Input data>
┌────────
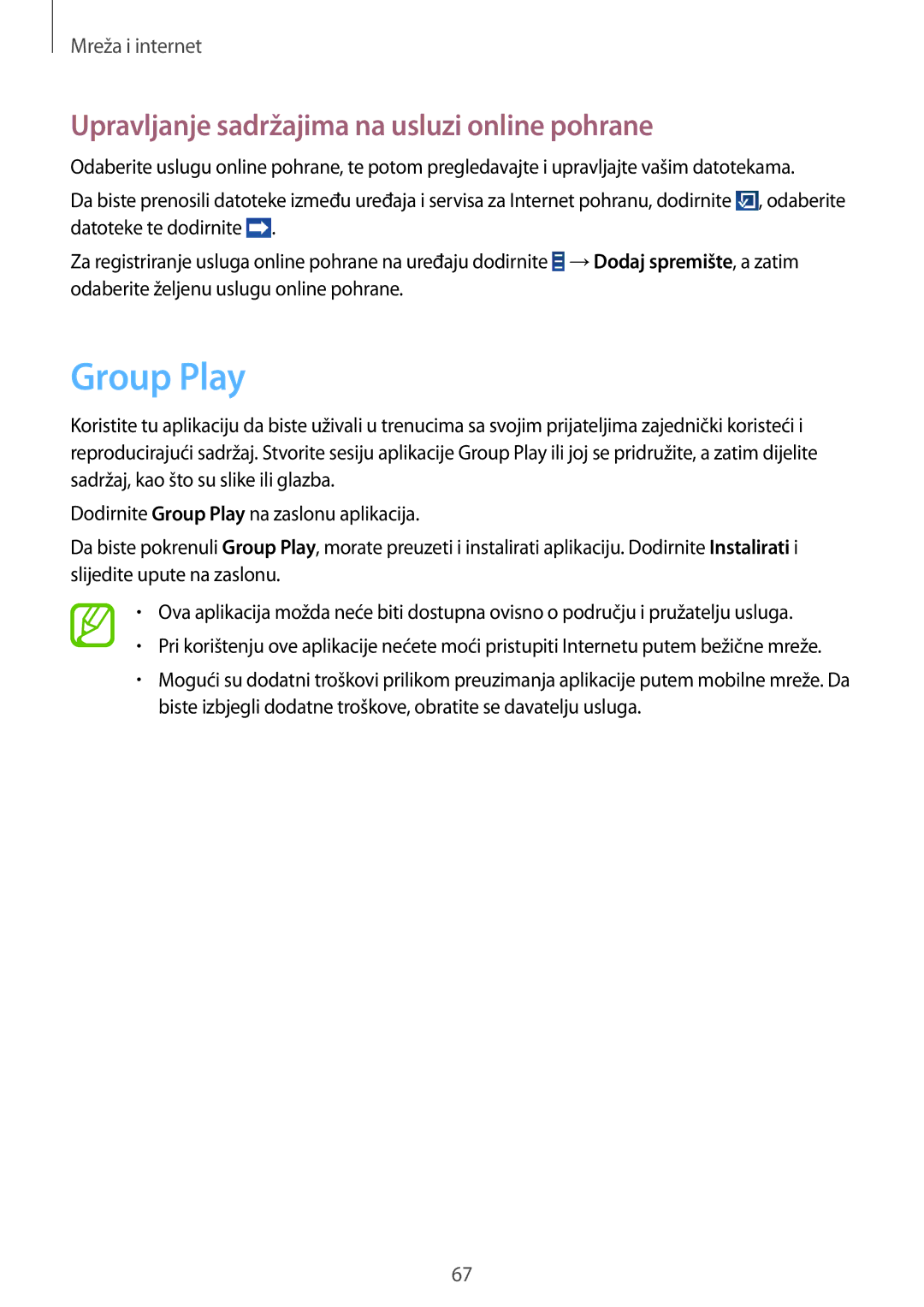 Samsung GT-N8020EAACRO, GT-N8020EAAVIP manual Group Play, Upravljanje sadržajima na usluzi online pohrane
└────────
┌────────
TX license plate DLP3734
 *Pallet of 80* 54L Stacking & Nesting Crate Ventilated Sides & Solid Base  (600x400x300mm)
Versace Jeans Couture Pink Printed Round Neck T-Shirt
└────────
┌────────
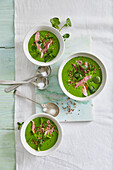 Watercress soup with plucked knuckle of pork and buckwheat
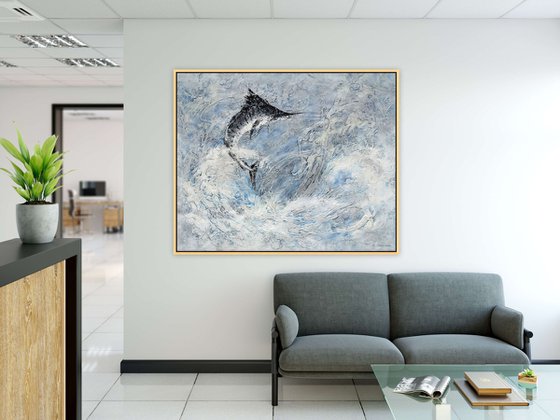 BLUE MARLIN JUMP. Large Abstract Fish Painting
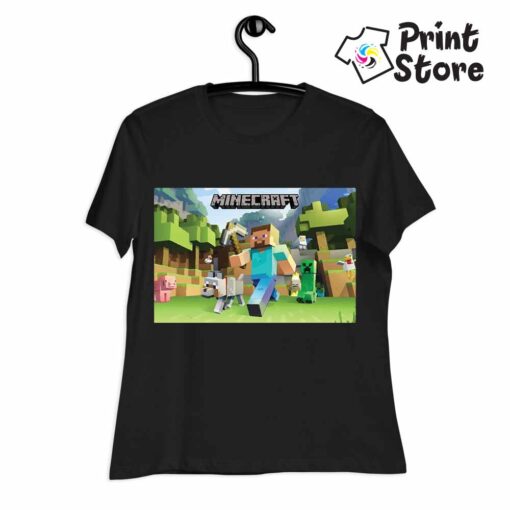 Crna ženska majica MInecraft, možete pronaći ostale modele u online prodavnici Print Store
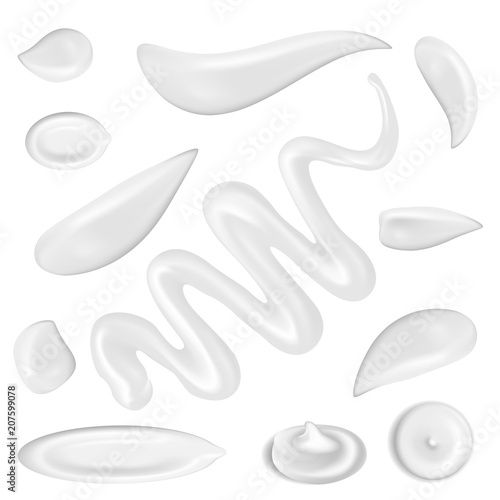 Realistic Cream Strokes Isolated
└────────
What to work on> Copy only what runs above from the line containing "BLUE MARLIN JUMP." through the line containing "Realistic Cream Strokes Isolated", exactly. Leave out the pictures.

Your response>
 BLUE MARLIN JUMP. Large Abstract Fish Painting
 Crna ženska majica MInecraft, možete pronaći ostale modele u online prodavnici Print Store
 Realistic Cream Strokes Isolated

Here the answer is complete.